Here was the edifice of an apparently powerful historical figure, which the passage of time had rendered impotent, powerless, and in an inevitable state of atrophy. A salient reminder to us all that impermanence is the only constant and that eventually, however great our monuments may appear, they will ultimately be reduced to rubble and dust.
This notion of atrophy, of structures in a perpetual state of flux, runs counter to our conception of a world - and cities in particular - made up of buildings which are reassuringly solid, inanimate and above all embodying a sense of permanence. Kellner's quirky and playful photographic 'portraits', at once light hearted yet disarmingly loaded with architectural and cultural iconoclasm, address directly this paradoxical unease.
His multiple exposure pictures, by their very nature, can of course be considered as cartoonesque, and by implication lacking in gravitas, but one only has to view the artists sketchbooks and the storyboard drawings of each building which he meticulously prepares to understand the seriousness and conceptual rigour of his mission. Similarly, his precision in orchestrating each individual composite work and completing the documentation process within a very limited time frame is indicative of Kellner's dexterity and acute understanding of the constraints and vagaries of the photographic medium.

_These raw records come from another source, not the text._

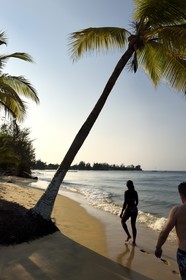 Gabon, province de l'Estuaire, plage de la Pointe Denis qui fait face à Libreville de l'autre côté de l'Estuaire du Gabon
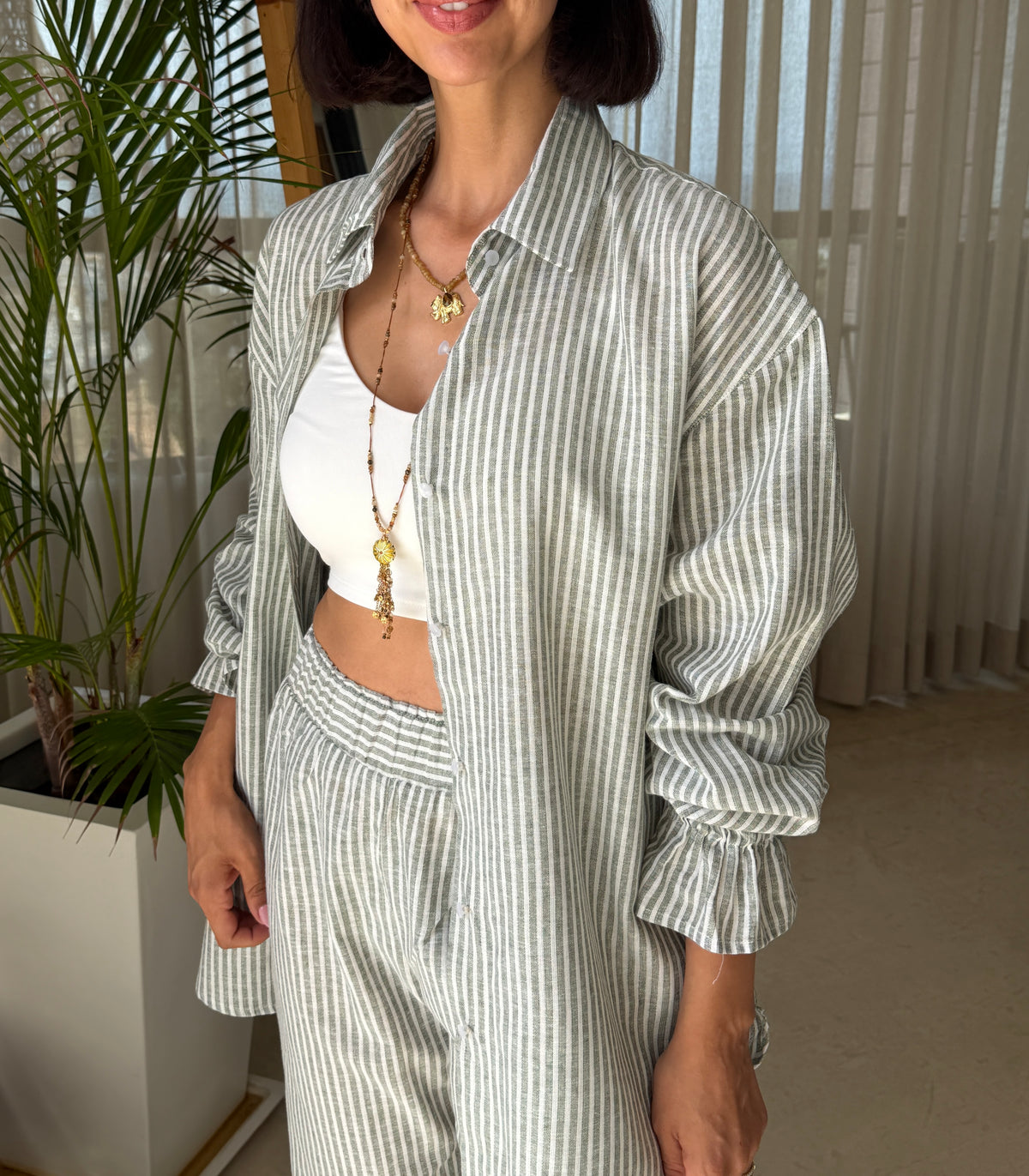 The Néroli Set Summer Edition by SYD — chemise oversize et pantalon lin vert sauge rayé coupe droite — atelier Casablanca Maroc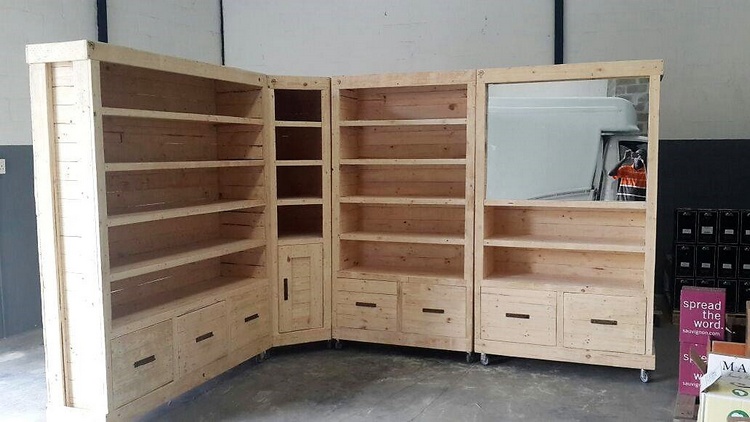 1 pallet vanity with storage shelving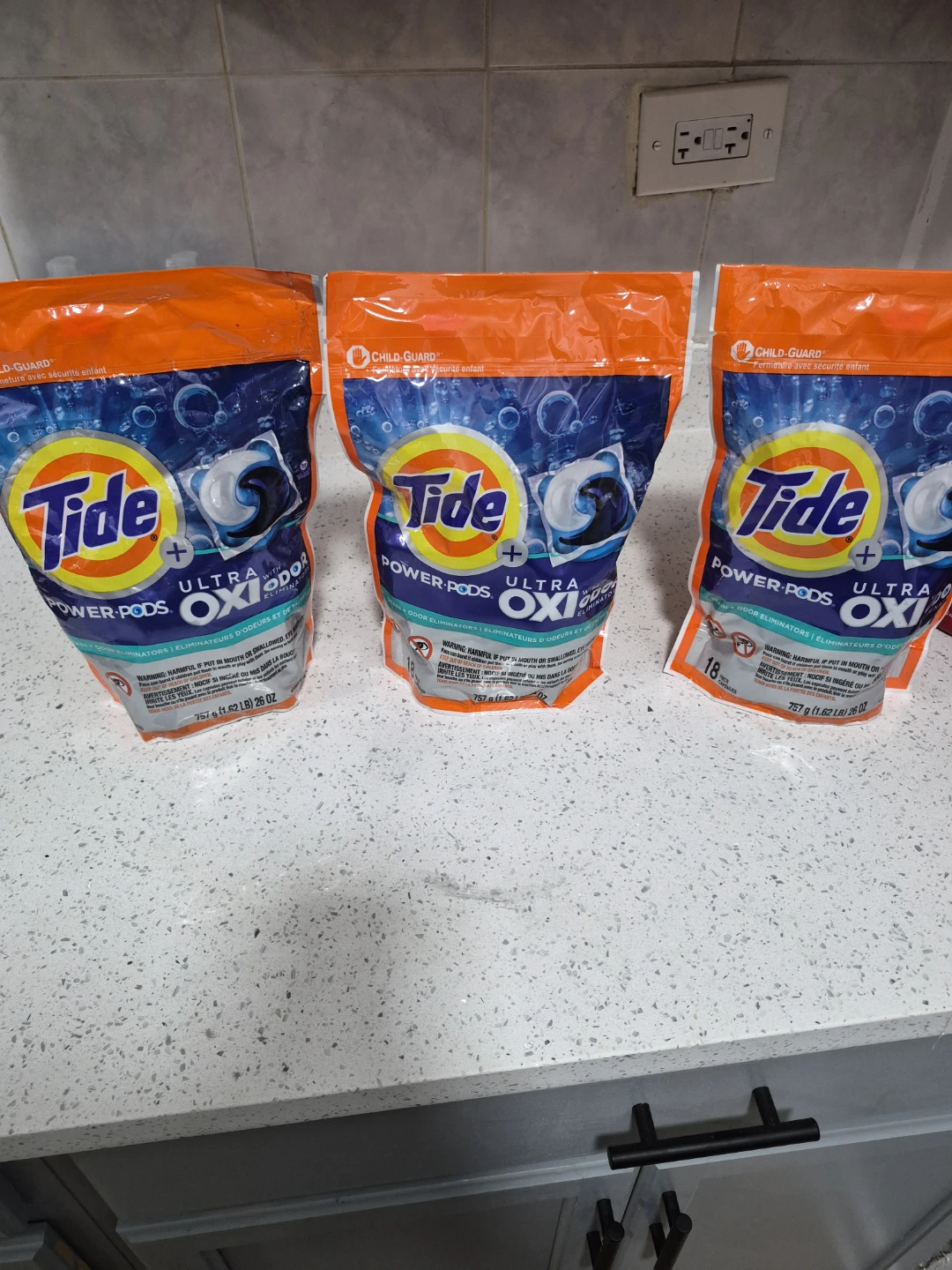 Tide Power Pods Ultra OXI Laundry Detergent (3 Pack)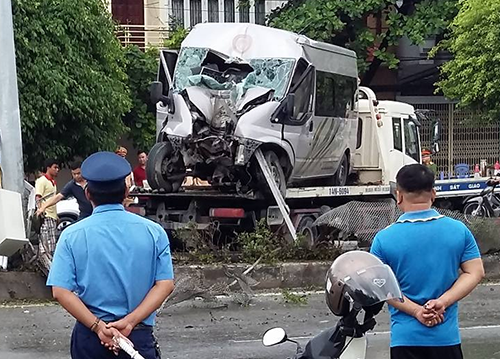 Ôtô 16 chỗ nát bét đầu, la liệt người bị thương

The pages in this book and the pictures printed on them will - as we all know - eventually disappear, but in the intervening years, readers will be able to consider the significance of Thomas Kellner's architectural works against the backdrop of A.D. Coleman's' incisive and thoughtful text which, l believe, underpins the provenance of the work without rhetorical embellishment. l am personally delighted that Ffotogallery has been able to provide a forum, which unites these two figures from the world of contemporary photography in such a meaningful way.
In publishing this book, we would like to offer our warm thanks to the team of Cardiff 2008, the body formed to champion Cardiff's bid for European Capital of Culture. Without their support, Ffotogallery would not have been able to commission the artist to make new works specifically in the capital city of Wales, nor realise this monograph as a case bound publication. Our gratitude must also go to the galleries that represent Thomas Kellner around the world (detailed on the colophon opposite), and whose faith in his work ensured that we were able to produce such a lavishly illustrated book. Finally l would like to record Ffotogallery's thanks to the artist, who has been professionally consummate through out the entire commissioning and publishing process, and whose abiding humour and humility has made a memorable experience a highly pleasurable one as well.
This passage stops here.